(Beginning of Source information)

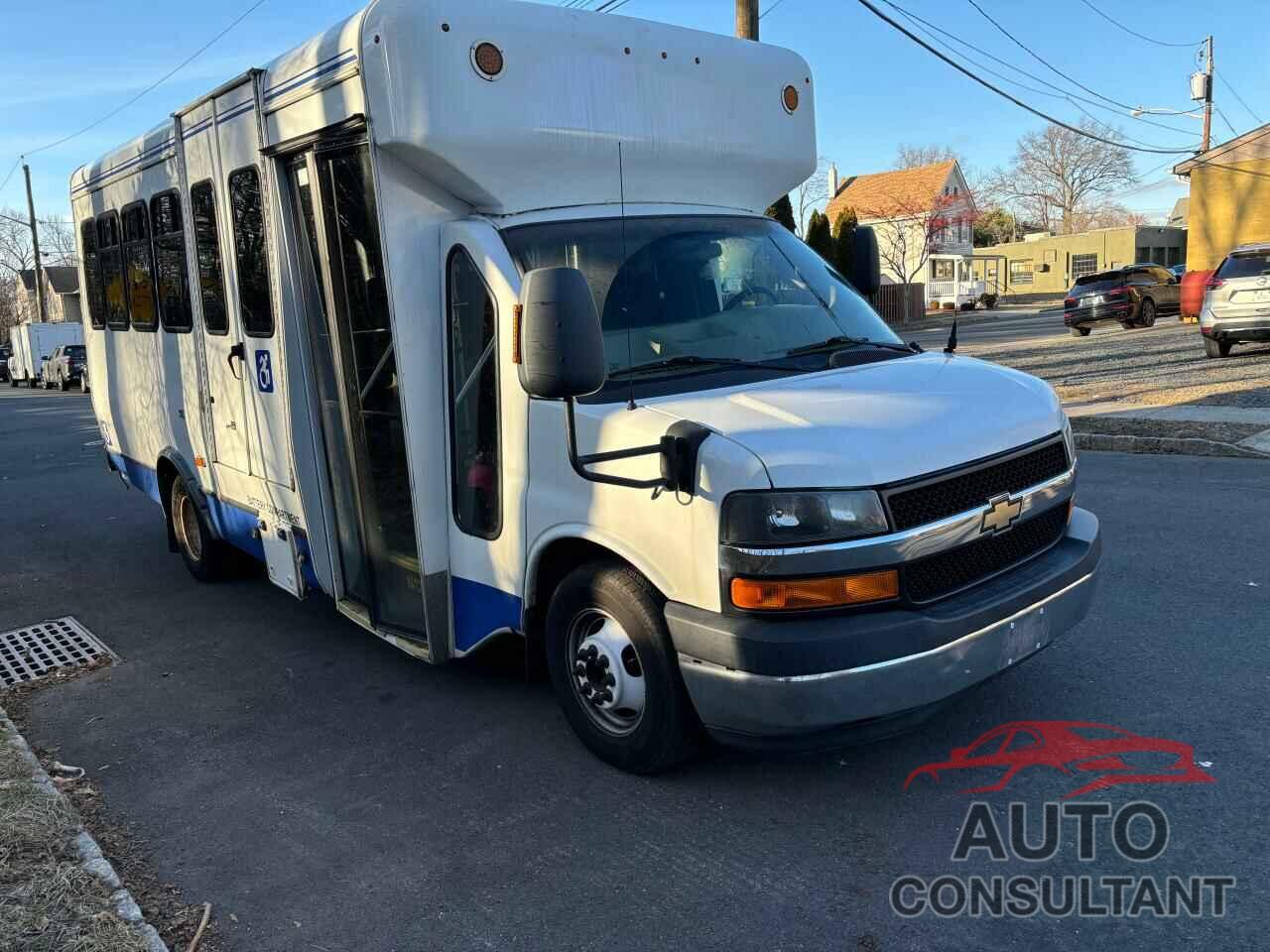 CHEVROLET EXPRESS 2016 - 1GB6GUBL7G1272817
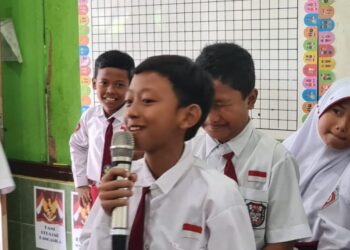 Siswa SDN Anggaswangi 2 Sukodono Tidak ‘Minder Ngomong’ di Depan Umum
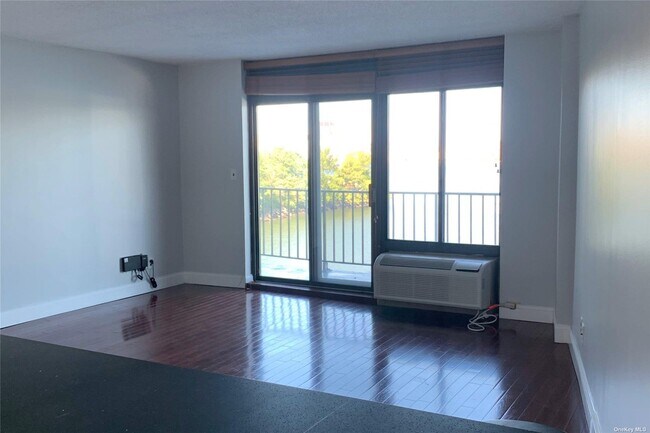 Foto del edificio - 2540-40 Shore Blvd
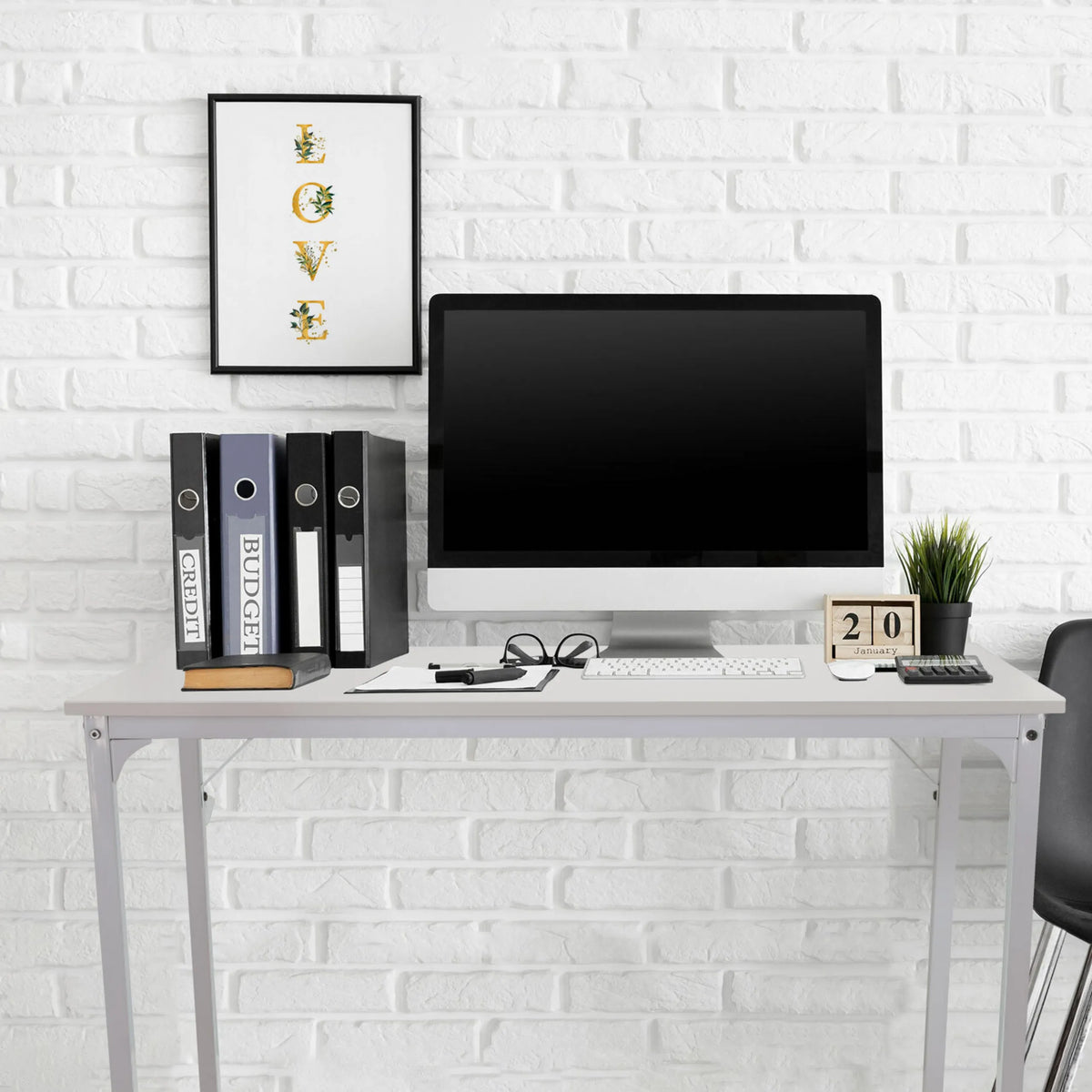 Vitt skrivbord WORKSPACE I med måtten 100 × 50 cm framför en vit tegelvägg från hjh OFFICE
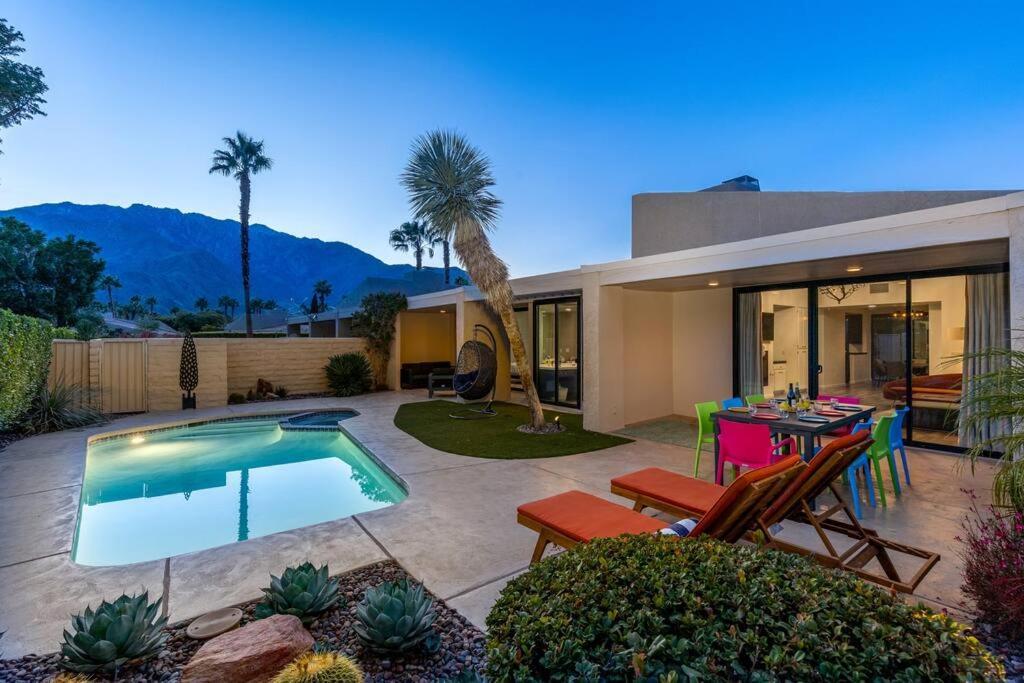 The Sunset House Pool & Spa Palm Springs Extérieur photo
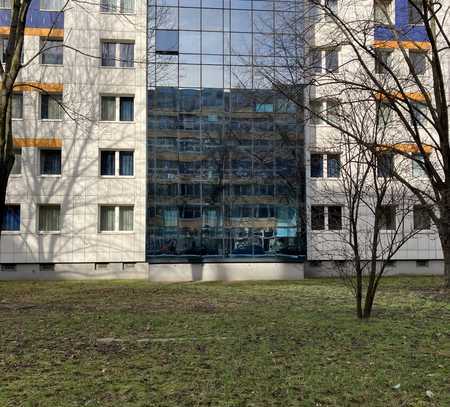 Zentral gelegene Büro-/Praxisfläche in Berlin-Mitte zu vermieten!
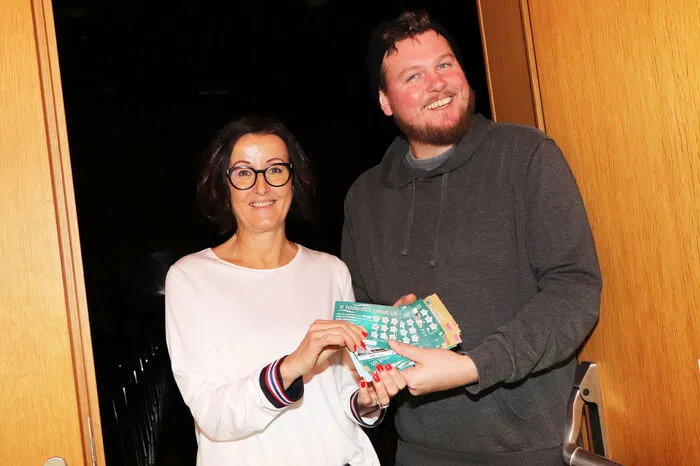 Andrea Pecile vom MF-Marketing und Michael Rothe vom Steirischen Wanderkino freuten sich über zahlreiche Besucher beim Weihnachtskino im Stadtsaal.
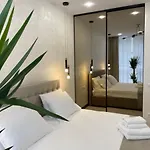 Vip Avalon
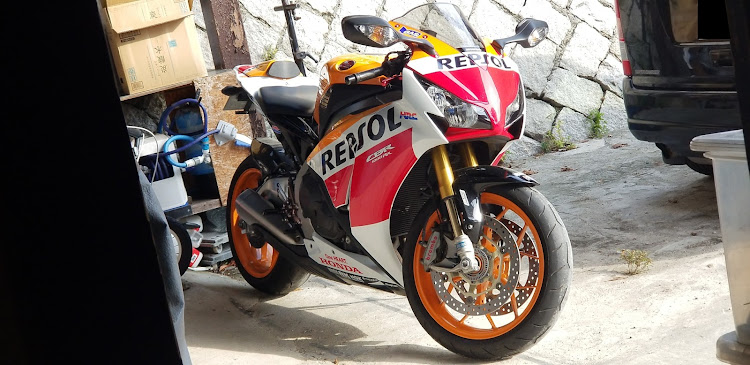 その他のCBR1000RR・SC59・学園祭・祭り・冷凍食品に関するカスタム事例の投稿画像1枚目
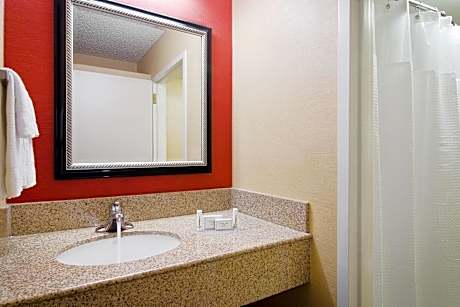 Room, 2 Double Beds (Mobility/Hearing Accessible, Tub)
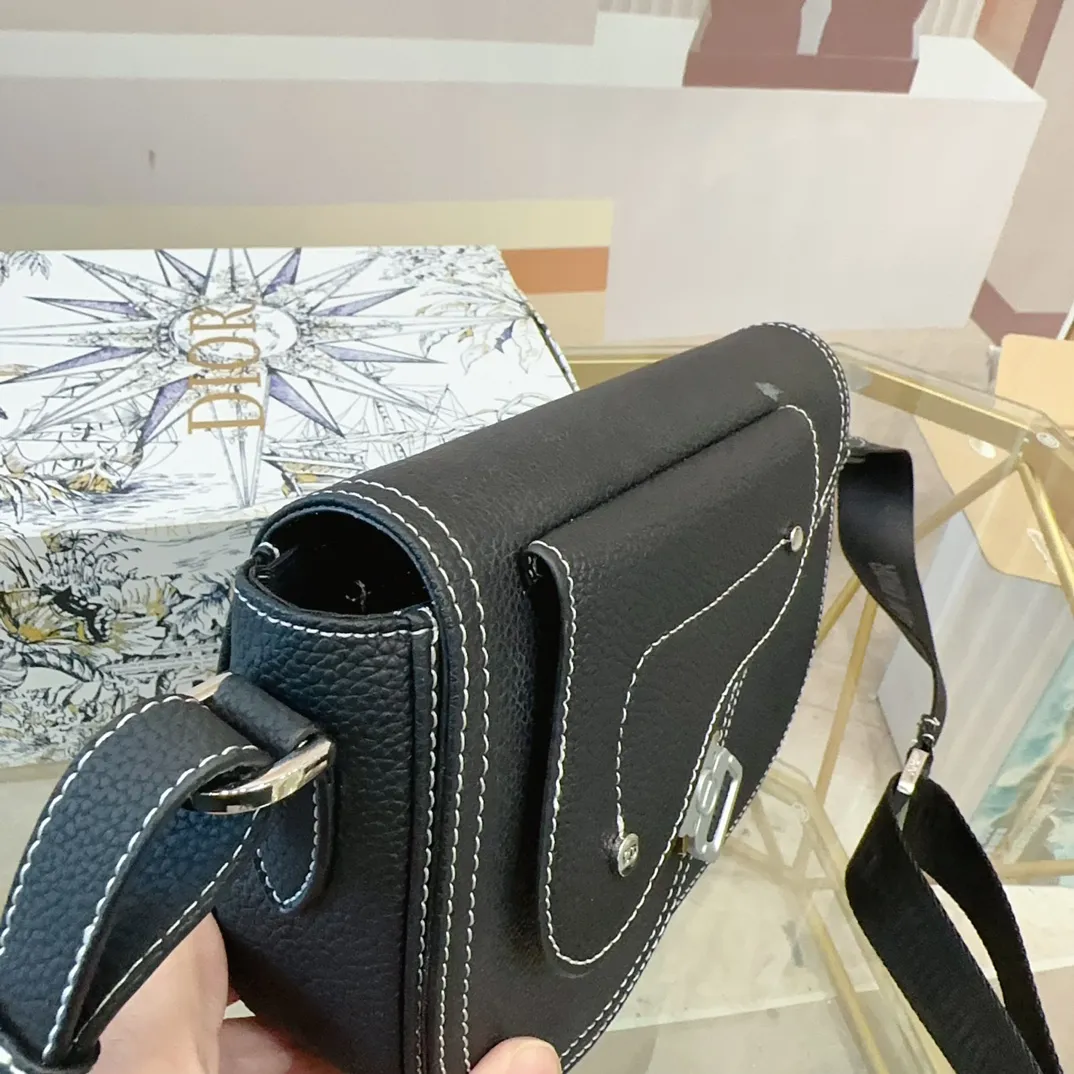 p180配礼盒🎁 Dior/迪奥 新款 男包系列的相机包实在帅la~ 简单有质感的设计对于日常即使不爱穿搭的男生都很友好 基础款搭配起来也能提升整体时髦度实用又很高级 尺寸 ：24*6*17cm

(End of Source information)

§ **Task prompt**: Retype every record above exactly as written, but leave out the pictures.

§ **Your response**:
 CHEVROLET EXPRESS 2016 - 1GB6GUBL7G1272817
 Siswa SDN Anggaswangi 2 Sukodono Tidak ‘Minder Ngomong’ di Depan Umum
 Foto del edificio - 2540-40 Shore Blvd
 Vitt skrivbord WORKSPACE I med måtten 100 × 50 cm framför en vit tegelvägg från hjh OFFICE
 The Sunset House Pool & Spa Palm Springs Extérieur photo
 Zentral gelegene Büro-/Praxisfläche in Berlin-Mitte zu vermieten!
 Andrea Pecile vom MF-Marketing und Michael Rothe vom Steirischen Wanderkino freuten sich über zahlreiche Besucher beim Weihnachtskino im Stadtsaal.
 Vip Avalon
 その他のCBR1000RR・SC59・学園祭・祭り・冷凍食品に関するカスタム事例の投稿画像1枚目
 Room, 2 Double Beds (Mobility/Hearing Accessible, Tub)
 p180配礼盒🎁 Dior/迪奥 新款 男包系列的相机包实在帅la~ 简单有质感的设计对于日常即使不爱穿搭的男生都很友好 基础款搭配起来也能提升整体时髦度实用又很高级 尺寸 ：24*6*17cm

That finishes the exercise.